I found very quickly that trying to adapt my usual training course for online delivery just didn’t work. Trying to play videos to people over Zoom just ends up as a kind of laggy distorted mess, a lot of the activities require you to be in the room with the learners, and Zoom doesn’t easily lend itself to allowing your learners to have a conversation as part of a bigger group, as you inevitably end up cutting someone else off when you start talking. Therefore, I took the approach that I was basically going to redo my course from scratch and put it onto different online platforms and I actually tried a couple of different platforms before settling on Microsoft Sway and Zoom, but there are other packages out there with different strengths and weaknesses, and ultimately it comes down to personal preference and what features you require.
For my online course, what I did was to split the course in two, and have the participants learn all about the science behind climate change in an online, self-guided learning session using the Microsoft Sway platform. This allowed me to create an interactive presentation with videos, links to more information and quizzes, so there was an element of the learners coming to their own conclusions without having me in the room there with them. Microsoft Sway is completely free and is a very powerful way to make interactive and engaging presentations so I would really recommend it.

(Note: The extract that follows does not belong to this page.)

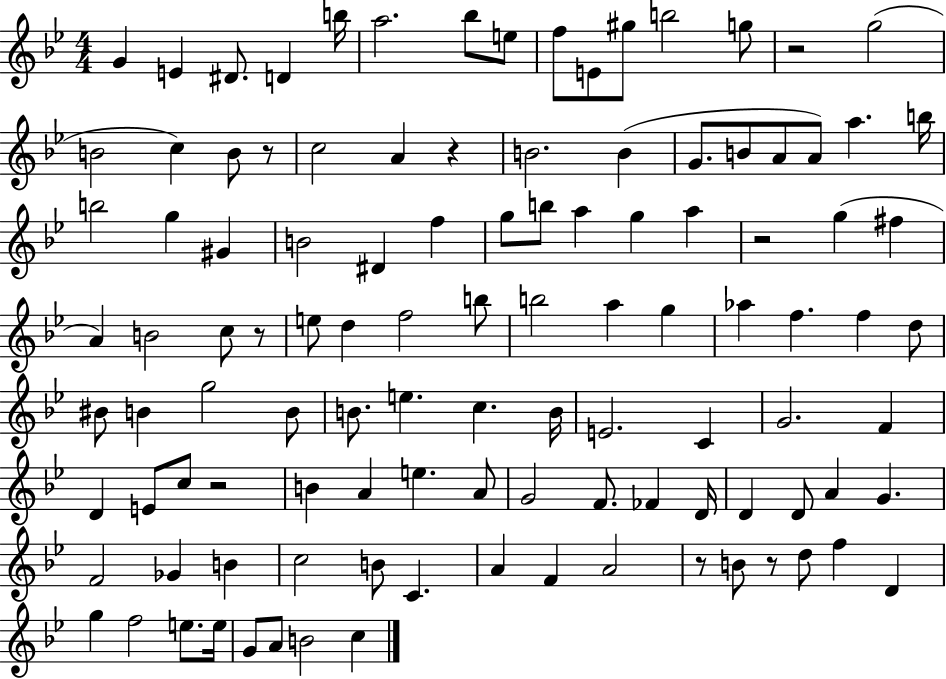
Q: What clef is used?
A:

The second half of the course I split into two sessions and delivered them as 2 x 1.5 hour Zoom calls over 2 different days. The first Zoom call covers the UK’s roadmap to net-zero carbon and what it all means, the second session covers how we as individuals can take action. In my Zoom sessions, I utilise the polling feature to ask questions of the participants, utilise the breakout room feature to get people into smaller groups so they can discuss concepts with each other, and also use the whiteboard feature to make things more interactive. Here are my top five tips that I would suggest when putting your online training course together:
Adapt your course to the strengths of online delivery, rather than just take what you’ve already got and try and deliver it online. To give an example, I already mentioned videos just don’t really work when you try and play them in a Zoom call, so try a different way of getting the information across. For example, ask the learners to do their own research on a topic in between calls, or you could develop an activity which teaches the concept, or create a quiz on it!
Building on from that, regularly punctuate your training with lots of interactive elements to keep interest, whether that’s something like a poll, a breakout room activity or a quiz. There’s nothing worse than being ‘talked at’, and it’s even more fatiguing over Zoom!
Keep the sessions short. I’ve found that 1.5 hours is the absolute maximum when it comes to how long you can realistically keep someone on a Zoom call for without a break.
Don’t feel like you’ve got to fill all of the time yourself, allow quite a bit of time for the learners to go off into breakout rooms to discuss things and also allow for questions and feedback. Personally, I feel that as a Carbon Literacy Trainer I should only be talking for about half of the time, the rest of the time the learners should be contributing.
Take the time to get to know the tools you’re going to be working with, and maybe round up a couple of other trainers and deliver a bit of your session to them, testing out the breakout room/polling/whiteboard features, etc., if you’re going to be using them. In my first session I spent about 5 minutes looking for the breakout room button, something I wouldn’t have had to do if I’d have taken my own advice!